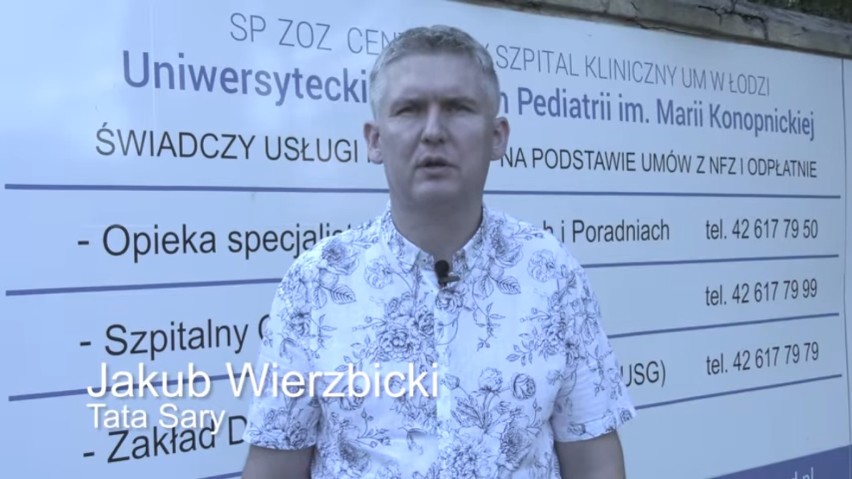 Wakacyjna akcja „Twoja krew – moje życie”. Już w niedzielę można będzie oddać krew dla 2-letniej Sary z Poddębic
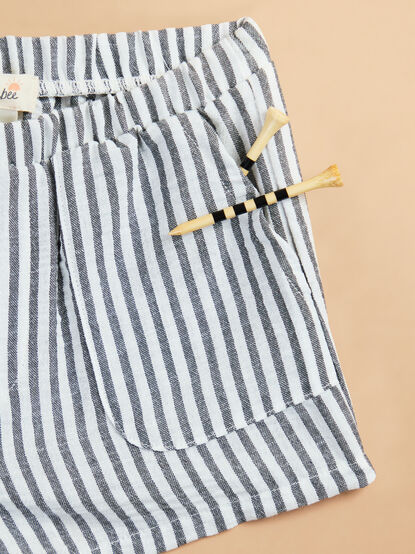 Eli Striped Short - TULLABEE
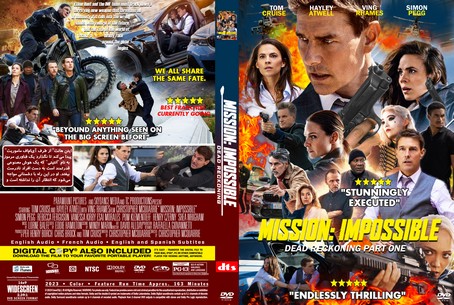 Mission Impossible Dead Reckoning Part One 2023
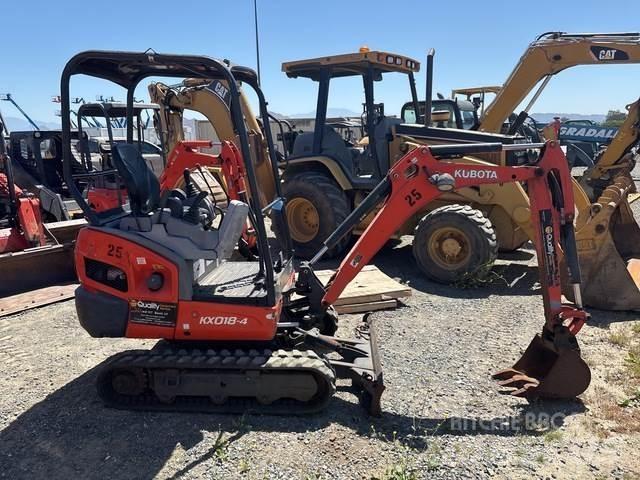 Kubota KX018-4 Raupenbagger
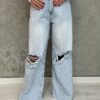 Spodnie jeans I8 Denim SKATE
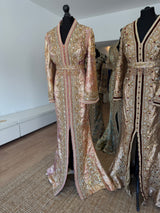 Caftan Brocade Salmon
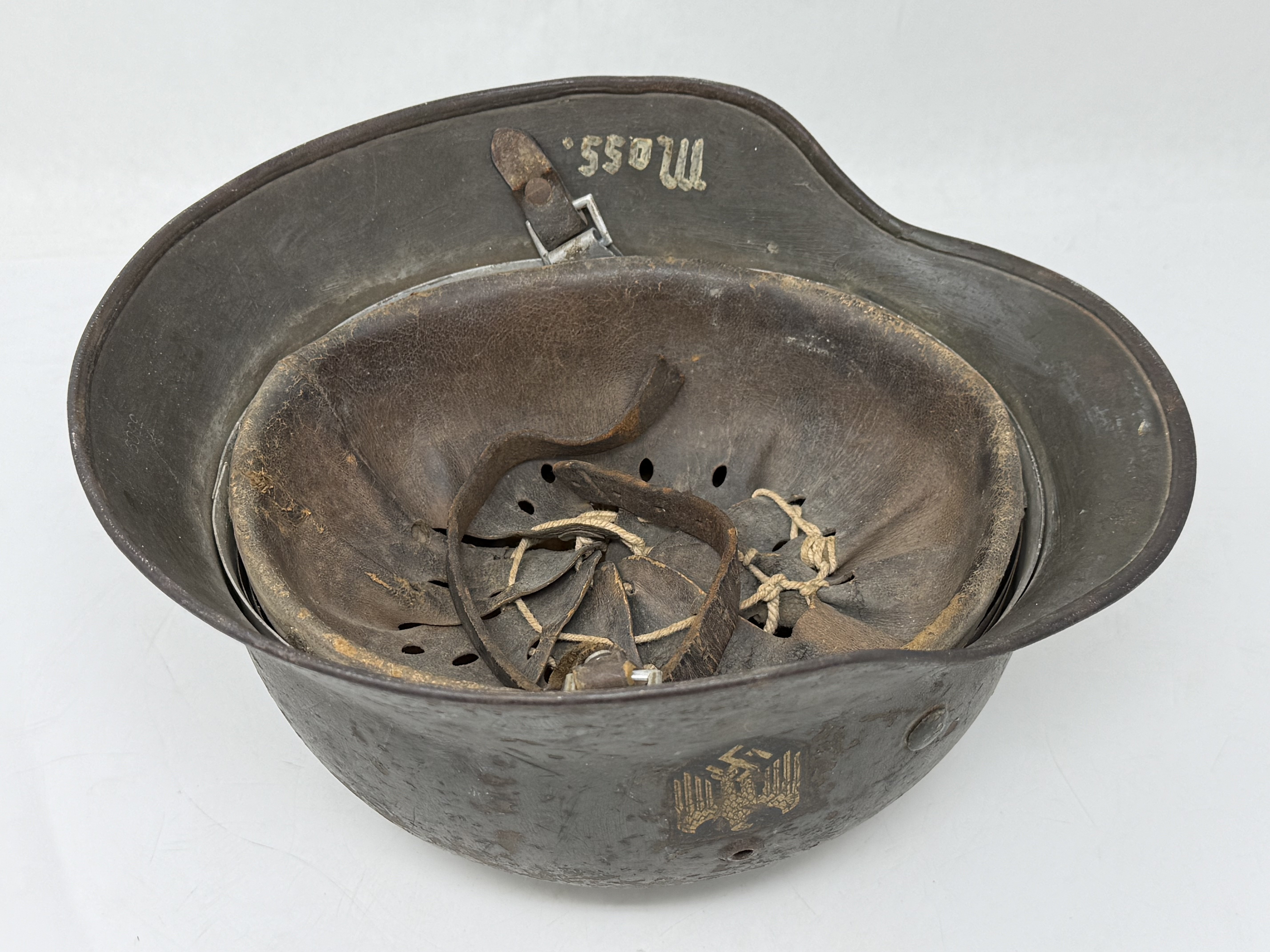 M35 Heer Single Decal Helmet -Coastal Artillery — image 10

_ _ _

EXERCISE AIM.
Could you repeat exactly the lines from the one containing "Mission Impossible Dead" through the last line of the records, both included, without the pictures?

REPLY TO THE EXERCISE.
 Mission Impossible Dead Reckoning Part One 2023
 Kubota KX018-4 Raupenbagger
 Spodnie jeans I8 Denim SKATE
 Caftan Brocade Salmon
 M35 Heer Single Decal Helmet -Coastal Artillery — image 10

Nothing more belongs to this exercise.